Re: [PATCH] mm/sparse: Fix flags overlap in section_mem_map

From: David Hildenbrand
Date: Tue Apr 27 2021 - 05:05:25 EST


On 27.04.21 10:30, Wang Wensheng wrote:
The section_mem_map member of struct mem_section stores some flags and
the address of struct page array of the mem_section.

Additionally the node id of the mem_section is stored during early boot,
where the struct page array has not been allocated. In other words, the
higher bits of section_mem_map are used for two purpose, and the node id
should be clear properly after the early boot.

Currently the node id field is overlapped with the flag field and cannot
be clear properly. That overlapped bits would then be treated as
mem_section flags and may lead to unexpected side effects.

Define SECTION_NID_SHIFT using order_base_2 to ensure that the node id
field always locates after flags field. That's why the overlap occurs -
forgetting to increase SECTION_NID_SHIFT when adding new mem_section
flag.

Fixes: 326e1b8f83a4 ("mm/sparsemem: introduce a SECTION_IS_EARLY flag")
Signed-off-by: Wang Wensheng <wangwensheng4@xxxxxxxxxx>
---
include/linux/mmzone.h | 2 +-
1 file changed, 1 insertion(+), 1 deletion(-)

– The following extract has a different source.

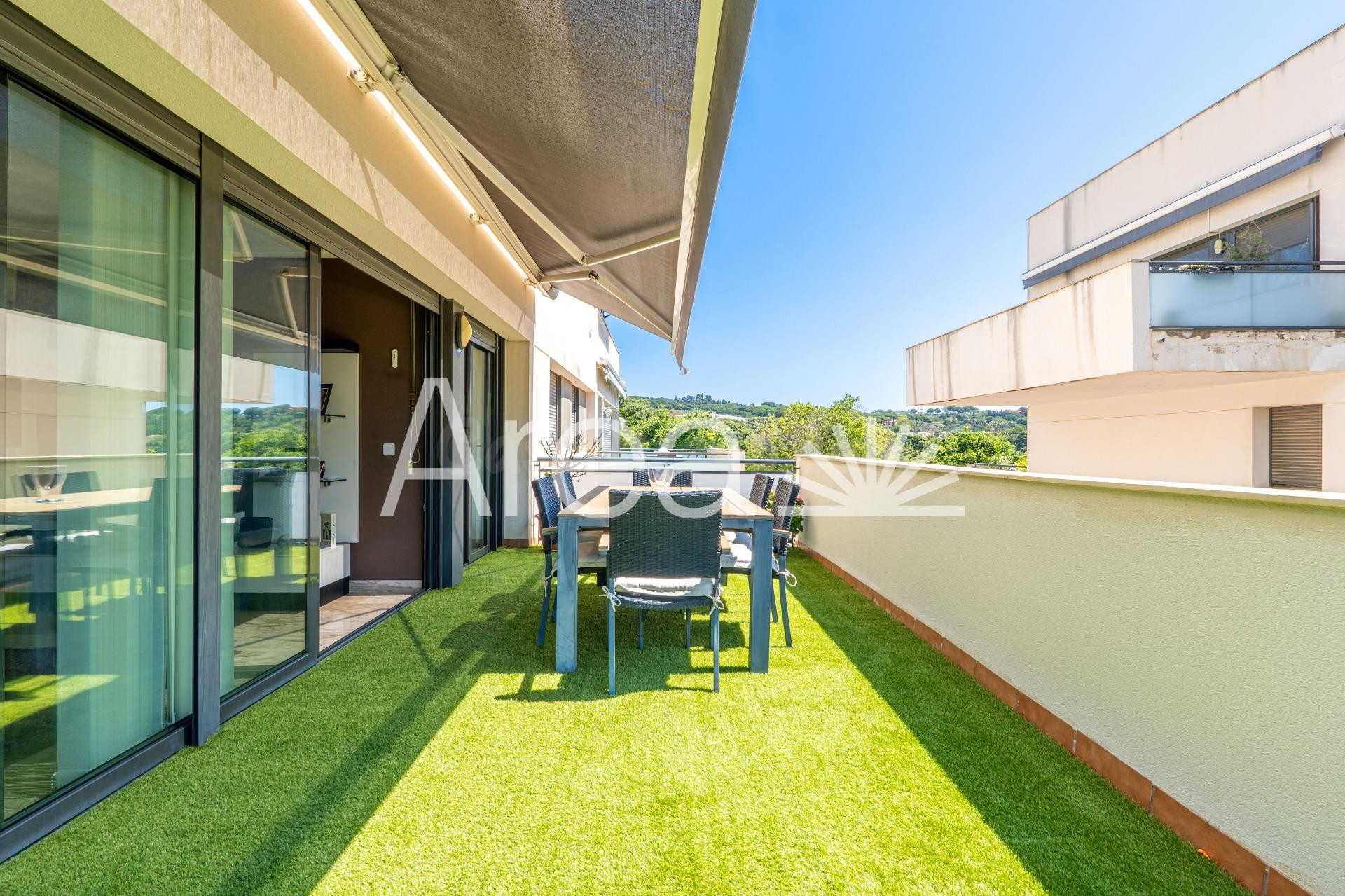 IMPECABLE VIVIENDA  EN ESQUINA CON TERRAZA A nivel -PARKING  - foto 4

diff --git a/include/linux/mmzone.h b/include/linux/mmzone.h
index 47946ce..b01694d 100644
--- a/include/linux/mmzone.h
+++ b/include/linux/mmzone.h
@@ -1325,7 +1325,7 @@ extern size_t mem_section_usage_size(void);
#define SECTION_TAINT_ZONE_DEVICE (1UL<<4)
#define SECTION_MAP_LAST_BIT (1UL<<5)
#define SECTION_MAP_MASK (~(SECTION_MAP_LAST_BIT-1))
-#define SECTION_NID_SHIFT 3
+#define SECTION_NID_SHIFT order_base_2(SECTION_MAP_LAST_BIT)
static inline struct page *__section_mem_map_addr(struct mem_section *section)
{


Well, all sections around during boot that have an early NID are early ... so it's not an issue with SECTION_IS_EARLY, no? I mean, it's ugly, but not broken.

But it's an issue with SECTION_TAINT_ZONE_DEVICE, AFAIKT. sparse_init_one_section() would leave the bit set if the nid happens to have that bit set (e.g., node 2,3). It's semi-broken then, because we force all pfn_to_online_page() through the slow path.


That whole section flag setting code is fragile.

--
Thanks,

David / dhildenb